Jackie Burr, Instructor

English 2010

May 8, 2018

Autism and Air Pollution

In “Air Toxics in Relation to Autism Diagnosis, Phenotype, and Severity in a U.S.

Family-Based Study” author Amy E. Kalkbrenner states that there is a relation between

air pollution and autism. She claims that especially the gases carbon disulfide and

chlorobenzene have a positive correlation with autism. I say that the claim of air

pollution causing autism is not true. According to the research I conducted, air pollution

only correlates with respiratory problems. Respiratory symptoms such as coughing,

difficulty breathing, and respiratory damage are all results of air pollution. The only

exception is when lead gets into the air. The Environmental Protection Agency states

that when a child is exposed to lead pollution, the worst that can happen is a learning

deficit, but the learning deficit does not go as far as autism. Wendee Nicole also

conducted a study on whether prenatal exposure to air pollution can cause autism, and

she concluded “no associations were found between presence of autistic traits and

prenatal exposure to any of the air pollutants.”
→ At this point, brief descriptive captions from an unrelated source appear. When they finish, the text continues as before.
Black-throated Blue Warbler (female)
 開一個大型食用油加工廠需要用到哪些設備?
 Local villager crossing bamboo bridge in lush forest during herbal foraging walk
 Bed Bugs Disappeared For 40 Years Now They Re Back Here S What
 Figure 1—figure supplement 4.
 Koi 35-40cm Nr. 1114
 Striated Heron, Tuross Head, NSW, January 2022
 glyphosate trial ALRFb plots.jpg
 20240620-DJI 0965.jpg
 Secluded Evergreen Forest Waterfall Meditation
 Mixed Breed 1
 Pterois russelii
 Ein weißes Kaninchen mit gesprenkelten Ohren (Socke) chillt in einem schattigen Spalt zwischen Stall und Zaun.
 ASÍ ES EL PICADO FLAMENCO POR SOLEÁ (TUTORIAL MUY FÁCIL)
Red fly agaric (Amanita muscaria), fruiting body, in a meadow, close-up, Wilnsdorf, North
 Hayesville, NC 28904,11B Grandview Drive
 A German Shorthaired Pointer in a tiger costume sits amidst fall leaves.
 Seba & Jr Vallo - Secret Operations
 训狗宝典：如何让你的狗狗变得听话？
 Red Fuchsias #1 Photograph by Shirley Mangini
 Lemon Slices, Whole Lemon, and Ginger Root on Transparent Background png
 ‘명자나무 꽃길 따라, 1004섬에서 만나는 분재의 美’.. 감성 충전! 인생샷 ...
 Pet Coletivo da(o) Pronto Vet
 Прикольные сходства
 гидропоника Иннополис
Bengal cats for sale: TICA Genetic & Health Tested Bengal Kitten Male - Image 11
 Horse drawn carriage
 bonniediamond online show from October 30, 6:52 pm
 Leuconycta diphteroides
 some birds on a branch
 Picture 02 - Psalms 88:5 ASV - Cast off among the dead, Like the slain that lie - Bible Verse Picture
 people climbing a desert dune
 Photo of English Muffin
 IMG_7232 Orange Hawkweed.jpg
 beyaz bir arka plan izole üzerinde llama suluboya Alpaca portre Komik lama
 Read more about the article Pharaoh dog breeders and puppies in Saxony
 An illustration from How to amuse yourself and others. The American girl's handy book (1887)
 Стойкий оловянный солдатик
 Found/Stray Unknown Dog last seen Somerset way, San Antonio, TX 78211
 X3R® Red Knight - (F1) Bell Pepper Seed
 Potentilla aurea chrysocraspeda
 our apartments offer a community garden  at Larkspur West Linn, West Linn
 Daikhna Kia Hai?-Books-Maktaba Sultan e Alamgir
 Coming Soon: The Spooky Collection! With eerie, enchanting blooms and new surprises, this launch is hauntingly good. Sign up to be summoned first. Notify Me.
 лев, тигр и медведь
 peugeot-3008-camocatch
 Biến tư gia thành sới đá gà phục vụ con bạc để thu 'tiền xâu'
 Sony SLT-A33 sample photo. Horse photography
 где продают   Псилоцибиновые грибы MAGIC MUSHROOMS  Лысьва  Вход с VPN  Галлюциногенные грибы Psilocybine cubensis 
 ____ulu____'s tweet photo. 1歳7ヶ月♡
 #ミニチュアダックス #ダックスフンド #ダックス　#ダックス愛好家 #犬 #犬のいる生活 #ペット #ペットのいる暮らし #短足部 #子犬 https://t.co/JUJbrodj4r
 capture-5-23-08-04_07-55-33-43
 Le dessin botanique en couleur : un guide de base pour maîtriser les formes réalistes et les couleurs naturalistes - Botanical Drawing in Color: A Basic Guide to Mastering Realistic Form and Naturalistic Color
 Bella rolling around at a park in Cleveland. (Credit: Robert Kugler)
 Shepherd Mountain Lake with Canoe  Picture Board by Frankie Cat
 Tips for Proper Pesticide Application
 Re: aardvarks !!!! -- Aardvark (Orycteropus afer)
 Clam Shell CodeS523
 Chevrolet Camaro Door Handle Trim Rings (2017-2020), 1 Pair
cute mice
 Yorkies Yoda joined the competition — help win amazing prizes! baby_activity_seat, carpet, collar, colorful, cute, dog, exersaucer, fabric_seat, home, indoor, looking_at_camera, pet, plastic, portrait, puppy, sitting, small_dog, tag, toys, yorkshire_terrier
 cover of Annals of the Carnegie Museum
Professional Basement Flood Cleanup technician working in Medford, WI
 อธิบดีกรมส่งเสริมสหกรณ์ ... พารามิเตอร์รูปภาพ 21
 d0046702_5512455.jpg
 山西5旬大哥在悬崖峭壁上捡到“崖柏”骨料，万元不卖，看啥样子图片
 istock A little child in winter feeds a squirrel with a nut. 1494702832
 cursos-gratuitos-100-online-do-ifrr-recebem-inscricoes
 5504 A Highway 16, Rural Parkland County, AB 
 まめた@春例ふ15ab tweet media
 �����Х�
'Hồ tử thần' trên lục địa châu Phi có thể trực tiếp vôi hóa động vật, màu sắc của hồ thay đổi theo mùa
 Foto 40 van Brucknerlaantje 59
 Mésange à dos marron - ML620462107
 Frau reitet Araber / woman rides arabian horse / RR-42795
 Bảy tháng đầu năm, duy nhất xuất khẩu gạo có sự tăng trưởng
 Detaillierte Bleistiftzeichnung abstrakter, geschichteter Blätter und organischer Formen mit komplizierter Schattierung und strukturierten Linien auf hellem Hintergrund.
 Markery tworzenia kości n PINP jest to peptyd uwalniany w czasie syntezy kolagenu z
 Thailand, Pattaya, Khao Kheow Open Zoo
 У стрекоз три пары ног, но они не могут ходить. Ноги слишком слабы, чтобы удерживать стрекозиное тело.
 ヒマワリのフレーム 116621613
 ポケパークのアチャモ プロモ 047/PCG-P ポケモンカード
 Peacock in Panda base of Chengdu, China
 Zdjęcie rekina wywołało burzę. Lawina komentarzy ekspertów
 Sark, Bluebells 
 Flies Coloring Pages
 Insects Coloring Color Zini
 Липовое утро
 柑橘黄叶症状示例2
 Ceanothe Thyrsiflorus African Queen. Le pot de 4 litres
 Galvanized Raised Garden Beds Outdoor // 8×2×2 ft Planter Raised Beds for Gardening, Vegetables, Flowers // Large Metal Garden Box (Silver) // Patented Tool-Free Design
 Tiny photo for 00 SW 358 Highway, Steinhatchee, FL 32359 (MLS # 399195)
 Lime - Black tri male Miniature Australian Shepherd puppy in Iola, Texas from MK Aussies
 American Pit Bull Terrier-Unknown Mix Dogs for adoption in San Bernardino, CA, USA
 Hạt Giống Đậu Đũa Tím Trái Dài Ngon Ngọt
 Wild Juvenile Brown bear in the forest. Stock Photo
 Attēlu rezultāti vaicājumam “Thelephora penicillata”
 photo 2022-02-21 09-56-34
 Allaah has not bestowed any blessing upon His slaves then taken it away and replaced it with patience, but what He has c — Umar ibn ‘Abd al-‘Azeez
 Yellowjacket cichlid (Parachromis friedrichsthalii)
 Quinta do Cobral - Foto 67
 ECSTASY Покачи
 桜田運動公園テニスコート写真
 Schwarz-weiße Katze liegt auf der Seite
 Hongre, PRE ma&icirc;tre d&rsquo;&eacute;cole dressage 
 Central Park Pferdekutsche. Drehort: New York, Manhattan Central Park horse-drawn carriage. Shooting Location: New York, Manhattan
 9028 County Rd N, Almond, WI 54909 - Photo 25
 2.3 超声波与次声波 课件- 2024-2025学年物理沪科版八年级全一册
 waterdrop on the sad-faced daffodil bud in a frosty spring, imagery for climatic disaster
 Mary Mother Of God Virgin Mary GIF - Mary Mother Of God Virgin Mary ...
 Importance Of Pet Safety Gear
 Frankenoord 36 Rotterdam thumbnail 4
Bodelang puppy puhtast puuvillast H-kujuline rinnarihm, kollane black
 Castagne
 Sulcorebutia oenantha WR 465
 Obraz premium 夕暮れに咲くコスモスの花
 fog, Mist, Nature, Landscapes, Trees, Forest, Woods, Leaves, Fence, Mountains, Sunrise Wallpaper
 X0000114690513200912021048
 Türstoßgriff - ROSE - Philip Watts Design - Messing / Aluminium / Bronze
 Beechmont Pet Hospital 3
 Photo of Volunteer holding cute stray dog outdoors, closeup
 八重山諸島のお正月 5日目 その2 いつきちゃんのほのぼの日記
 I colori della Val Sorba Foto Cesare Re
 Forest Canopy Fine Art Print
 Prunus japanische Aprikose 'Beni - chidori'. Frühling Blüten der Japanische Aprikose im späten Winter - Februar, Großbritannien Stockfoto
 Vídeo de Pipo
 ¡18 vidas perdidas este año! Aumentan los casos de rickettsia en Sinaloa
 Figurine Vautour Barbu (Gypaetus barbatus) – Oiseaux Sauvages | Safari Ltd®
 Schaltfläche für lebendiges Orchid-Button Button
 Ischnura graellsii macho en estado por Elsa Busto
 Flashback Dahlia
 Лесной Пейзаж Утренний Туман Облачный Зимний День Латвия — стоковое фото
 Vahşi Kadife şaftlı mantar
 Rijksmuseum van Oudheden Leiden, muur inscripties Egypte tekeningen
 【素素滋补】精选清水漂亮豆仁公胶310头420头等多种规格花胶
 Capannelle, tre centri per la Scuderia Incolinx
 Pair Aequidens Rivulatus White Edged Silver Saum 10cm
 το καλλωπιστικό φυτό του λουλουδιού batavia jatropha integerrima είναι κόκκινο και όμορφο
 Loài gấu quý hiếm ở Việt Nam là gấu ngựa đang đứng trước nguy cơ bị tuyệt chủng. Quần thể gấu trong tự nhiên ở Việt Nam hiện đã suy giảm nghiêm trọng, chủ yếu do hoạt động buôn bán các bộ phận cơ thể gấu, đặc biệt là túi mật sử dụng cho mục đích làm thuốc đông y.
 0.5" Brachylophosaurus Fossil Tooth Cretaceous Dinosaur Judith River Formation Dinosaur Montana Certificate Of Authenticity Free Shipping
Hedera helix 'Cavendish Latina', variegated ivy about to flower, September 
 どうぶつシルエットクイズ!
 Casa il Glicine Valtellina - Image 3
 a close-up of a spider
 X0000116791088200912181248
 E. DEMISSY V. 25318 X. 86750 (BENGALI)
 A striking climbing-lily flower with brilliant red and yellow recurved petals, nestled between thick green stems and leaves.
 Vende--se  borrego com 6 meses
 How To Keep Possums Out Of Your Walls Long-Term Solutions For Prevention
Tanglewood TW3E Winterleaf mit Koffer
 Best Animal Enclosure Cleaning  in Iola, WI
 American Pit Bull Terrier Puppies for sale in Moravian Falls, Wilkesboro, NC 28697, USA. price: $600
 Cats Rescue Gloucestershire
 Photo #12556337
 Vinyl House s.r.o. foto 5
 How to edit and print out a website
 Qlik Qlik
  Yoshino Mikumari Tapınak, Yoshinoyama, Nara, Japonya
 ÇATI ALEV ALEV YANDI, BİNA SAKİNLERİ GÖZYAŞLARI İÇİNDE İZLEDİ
It is difficult to determine that air pollution is the cause of autism, mainly because

it is a hard variable to isolate, and is only an observational study. You can’t place a

group of pregnant women in a polluted room for 9 months and another group of

pregnant women in a controlled room with clean air for 9 months and compare the

results of the two groups. That type of experiment would be one of the only ways to get
accurate data on this topic, but it is inhumane to stick a group of women into a room for

that extended period of time. Kalkbrenner may have gotten results that showed

correlation between autism and air pollution, but those results may be inaccurate

because of the inability to isolate variables.